[Information provided Boundary: Start]

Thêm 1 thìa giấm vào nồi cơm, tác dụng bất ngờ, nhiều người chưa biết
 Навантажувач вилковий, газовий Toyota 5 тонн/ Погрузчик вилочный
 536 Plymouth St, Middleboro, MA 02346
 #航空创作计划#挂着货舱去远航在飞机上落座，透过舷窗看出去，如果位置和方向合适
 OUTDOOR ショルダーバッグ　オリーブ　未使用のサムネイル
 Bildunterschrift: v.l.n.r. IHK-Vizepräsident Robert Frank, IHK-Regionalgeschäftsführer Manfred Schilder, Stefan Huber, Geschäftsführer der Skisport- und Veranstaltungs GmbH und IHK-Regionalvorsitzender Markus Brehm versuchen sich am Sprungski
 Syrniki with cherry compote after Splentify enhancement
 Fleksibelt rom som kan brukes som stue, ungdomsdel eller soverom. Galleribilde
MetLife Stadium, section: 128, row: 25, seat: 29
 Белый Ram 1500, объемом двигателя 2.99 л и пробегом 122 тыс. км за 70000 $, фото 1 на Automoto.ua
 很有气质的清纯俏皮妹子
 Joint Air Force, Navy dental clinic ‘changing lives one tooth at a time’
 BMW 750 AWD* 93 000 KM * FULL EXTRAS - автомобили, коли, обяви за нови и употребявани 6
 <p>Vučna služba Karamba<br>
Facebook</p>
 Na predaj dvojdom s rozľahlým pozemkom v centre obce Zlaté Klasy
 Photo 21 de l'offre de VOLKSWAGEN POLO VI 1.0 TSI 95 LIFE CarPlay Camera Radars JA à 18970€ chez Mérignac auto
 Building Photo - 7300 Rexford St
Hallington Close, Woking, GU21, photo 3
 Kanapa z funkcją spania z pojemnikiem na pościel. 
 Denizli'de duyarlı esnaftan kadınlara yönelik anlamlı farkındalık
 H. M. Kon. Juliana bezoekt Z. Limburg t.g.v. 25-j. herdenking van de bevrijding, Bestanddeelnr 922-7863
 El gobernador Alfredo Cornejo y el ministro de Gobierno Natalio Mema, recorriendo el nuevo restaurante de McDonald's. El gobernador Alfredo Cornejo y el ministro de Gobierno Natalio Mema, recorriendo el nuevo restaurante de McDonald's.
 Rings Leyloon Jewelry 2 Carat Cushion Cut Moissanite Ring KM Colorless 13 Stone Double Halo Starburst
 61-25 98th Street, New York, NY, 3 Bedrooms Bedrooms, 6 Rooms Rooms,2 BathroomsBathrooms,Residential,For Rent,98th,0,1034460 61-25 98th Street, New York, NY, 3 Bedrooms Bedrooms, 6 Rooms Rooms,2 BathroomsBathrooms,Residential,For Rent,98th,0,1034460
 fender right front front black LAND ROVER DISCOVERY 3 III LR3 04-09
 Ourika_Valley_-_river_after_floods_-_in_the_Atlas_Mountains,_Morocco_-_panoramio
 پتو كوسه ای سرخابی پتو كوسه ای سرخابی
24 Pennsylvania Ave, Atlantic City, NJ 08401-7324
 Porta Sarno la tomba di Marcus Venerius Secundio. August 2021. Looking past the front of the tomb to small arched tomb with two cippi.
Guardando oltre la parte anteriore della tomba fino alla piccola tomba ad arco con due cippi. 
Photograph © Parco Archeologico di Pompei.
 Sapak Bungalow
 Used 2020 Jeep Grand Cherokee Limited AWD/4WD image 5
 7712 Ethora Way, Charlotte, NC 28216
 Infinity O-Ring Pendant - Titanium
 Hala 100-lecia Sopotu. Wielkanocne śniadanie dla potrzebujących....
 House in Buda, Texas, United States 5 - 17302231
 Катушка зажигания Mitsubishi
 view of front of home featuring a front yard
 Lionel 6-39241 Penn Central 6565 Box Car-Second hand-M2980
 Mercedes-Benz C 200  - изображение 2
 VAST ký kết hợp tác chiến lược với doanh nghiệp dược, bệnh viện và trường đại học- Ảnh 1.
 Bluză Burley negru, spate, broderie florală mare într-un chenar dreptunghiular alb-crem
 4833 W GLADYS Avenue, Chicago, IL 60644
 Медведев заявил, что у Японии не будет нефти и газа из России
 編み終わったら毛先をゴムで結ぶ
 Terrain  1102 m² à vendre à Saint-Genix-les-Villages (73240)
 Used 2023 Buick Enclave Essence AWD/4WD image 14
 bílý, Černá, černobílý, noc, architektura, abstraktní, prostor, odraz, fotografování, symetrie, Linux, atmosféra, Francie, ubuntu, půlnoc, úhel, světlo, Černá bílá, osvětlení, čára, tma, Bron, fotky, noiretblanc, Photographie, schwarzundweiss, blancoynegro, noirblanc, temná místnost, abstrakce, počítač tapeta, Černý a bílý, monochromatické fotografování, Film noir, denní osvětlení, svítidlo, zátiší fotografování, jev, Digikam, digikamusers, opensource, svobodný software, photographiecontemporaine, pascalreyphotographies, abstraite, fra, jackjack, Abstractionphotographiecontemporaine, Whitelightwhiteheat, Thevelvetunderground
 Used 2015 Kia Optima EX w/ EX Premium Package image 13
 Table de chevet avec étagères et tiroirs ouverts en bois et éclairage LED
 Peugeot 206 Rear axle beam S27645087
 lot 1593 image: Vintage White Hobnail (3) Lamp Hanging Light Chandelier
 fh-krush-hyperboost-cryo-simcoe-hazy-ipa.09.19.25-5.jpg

[Information provided Boundary: End]

| About this exercise |
Copy the data. Make sure every line matches exactly.

| Your response |
Thêm 1 thìa giấm vào nồi cơm, tác dụng bất ngờ, nhiều người chưa biết
 Навантажувач вилковий, газовий Toyota 5 тонн/ Погрузчик вилочный
 536 Plymouth St, Middleboro, MA 02346
 #航空创作计划#挂着货舱去远航在飞机上落座，透过舷窗看出去，如果位置和方向合适
 OUTDOOR ショルダーバッグ　オリーブ　未使用のサムネイル
 Bildunterschrift: v.l.n.r. IHK-Vizepräsident Robert Frank, IHK-Regionalgeschäftsführer Manfred Schilder, Stefan Huber, Geschäftsführer der Skisport- und Veranstaltungs GmbH und IHK-Regionalvorsitzender Markus Brehm versuchen sich am Sprungski
 Syrniki with cherry compote after Splentify enhancement
 Fleksibelt rom som kan brukes som stue, ungdomsdel eller soverom. Galleribilde
MetLife Stadium, section: 128, row: 25, seat: 29
 Белый Ram 1500, объемом двигателя 2.99 л и пробегом 122 тыс. км за 70000 $, фото 1 на Automoto.ua
 很有气质的清纯俏皮妹子
 Joint Air Force, Navy dental clinic ‘changing lives one tooth at a time’
 BMW 750 AWD* 93 000 KM * FULL EXTRAS - автомобили, коли, обяви за нови и употребявани 6
 <p>Vučna služba Karamba<br>
Facebook</p>
 Na predaj dvojdom s rozľahlým pozemkom v centre obce Zlaté Klasy
 Photo 21 de l'offre de VOLKSWAGEN POLO VI 1.0 TSI 95 LIFE CarPlay Camera Radars JA à 18970€ chez Mérignac auto
 Building Photo - 7300 Rexford St
Hallington Close, Woking, GU21, photo 3
 Kanapa z funkcją spania z pojemnikiem na pościel. 
 Denizli'de duyarlı esnaftan kadınlara yönelik anlamlı farkındalık
 H. M. Kon. Juliana bezoekt Z. Limburg t.g.v. 25-j. herdenking van de bevrijding, Bestanddeelnr 922-7863
 El gobernador Alfredo Cornejo y el ministro de Gobierno Natalio Mema, recorriendo el nuevo restaurante de McDonald's. El gobernador Alfredo Cornejo y el ministro de Gobierno Natalio Mema, recorriendo el nuevo restaurante de McDonald's.
 Rings Leyloon Jewelry 2 Carat Cushion Cut Moissanite Ring KM Colorless 13 Stone Double Halo Starburst
 61-25 98th Street, New York, NY, 3 Bedrooms Bedrooms, 6 Rooms Rooms,2 BathroomsBathrooms,Residential,For Rent,98th,0,1034460 61-25 98th Street, New York, NY, 3 Bedrooms Bedrooms, 6 Rooms Rooms,2 BathroomsBathrooms,Residential,For Rent,98th,0,1034460
 fender right front front black LAND ROVER DISCOVERY 3 III LR3 04-09
 Ourika_Valley_-_river_after_floods_-_in_the_Atlas_Mountains,_Morocco_-_panoramio
 پتو كوسه ای سرخابی پتو كوسه ای سرخابی
24 Pennsylvania Ave, Atlantic City, NJ 08401-7324
 Porta Sarno la tomba di Marcus Venerius Secundio. August 2021. Looking past the front of the tomb to small arched tomb with two cippi.
Guardando oltre la parte anteriore della tomba fino alla piccola tomba ad arco con due cippi. 
Photograph © Parco Archeologico di Pompei.
 Sapak Bungalow
 Used 2020 Jeep Grand Cherokee Limited AWD/4WD image 5
 7712 Ethora Way, Charlotte, NC 28216
 Infinity O-Ring Pendant - Titanium
 Hala 100-lecia Sopotu. Wielkanocne śniadanie dla potrzebujących....
 House in Buda, Texas, United States 5 - 17302231
 Катушка зажигания Mitsubishi
 view of front of home featuring a front yard
 Lionel 6-39241 Penn Central 6565 Box Car-Second hand-M2980
 Mercedes-Benz C 200  - изображение 2
 VAST ký kết hợp tác chiến lược với doanh nghiệp dược, bệnh viện và trường đại học- Ảnh 1.
 Bluză Burley negru, spate, broderie florală mare într-un chenar dreptunghiular alb-crem
 4833 W GLADYS Avenue, Chicago, IL 60644
 Медведев заявил, что у Японии не будет нефти и газа из России
 編み終わったら毛先をゴムで結ぶ
 Terrain  1102 m² à vendre à Saint-Genix-les-Villages (73240)
 Used 2023 Buick Enclave Essence AWD/4WD image 14
 bílý, Černá, černobílý, noc, architektura, abstraktní, prostor, odraz, fotografování, symetrie, Linux, atmosféra, Francie, ubuntu, půlnoc, úhel, světlo, Černá bílá, osvětlení, čára, tma, Bron, fotky, noiretblanc, Photographie, schwarzundweiss, blancoynegro, noirblanc, temná místnost, abstrakce, počítač tapeta, Černý a bílý, monochromatické fotografování, Film noir, denní osvětlení, svítidlo, zátiší fotografování, jev, Digikam, digikamusers, opensource, svobodný software, photographiecontemporaine, pascalreyphotographies, abstraite, fra, jackjack, Abstractionphotographiecontemporaine, Whitelightwhiteheat, Thevelvetunderground
 Used 2015 Kia Optima EX w/ EX Premium Package image 13
 Table de chevet avec étagères et tiroirs ouverts en bois et éclairage LED
 Peugeot 206 Rear axle beam S27645087
 lot 1593 image: Vintage White Hobnail (3) Lamp Hanging Light Chandelier
 fh-krush-hyperboost-cryo-simcoe-hazy-ipa.09.19.25-5.jpg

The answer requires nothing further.